Data shown.
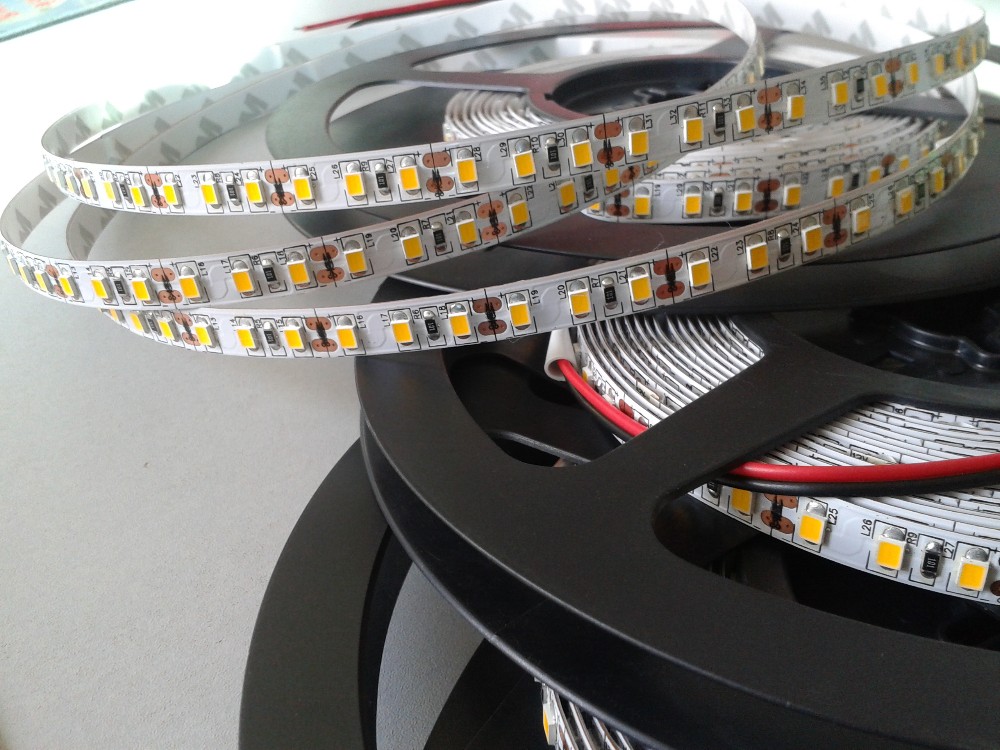 2835 120 leds/m フレキシブル led ストリップ ライト dc 12 ボルト/24 ボルト ip20/ip65/ip /67仕入れ・メーカー・工場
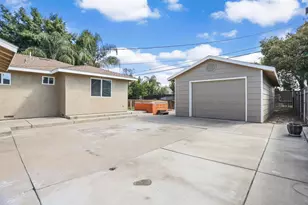 1412 Elisabeth Ave, Escalon, CA 95320 - Photo 17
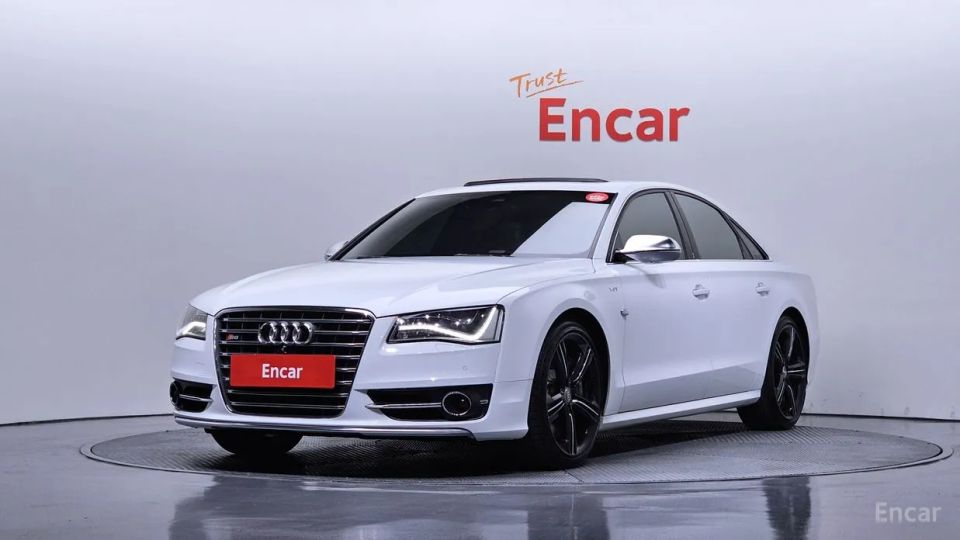 Audi S8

Exercise. Leave the pictures out and print the whole listing precisely.

Exercise response.
 2835 120 leds/m フレキシブル led ストリップ ライト dc 12 ボルト/24 ボルト ip20/ip65/ip /67仕入れ・メーカー・工場
 1412 Elisabeth Ave, Escalon, CA 95320 - Photo 17
 Audi S8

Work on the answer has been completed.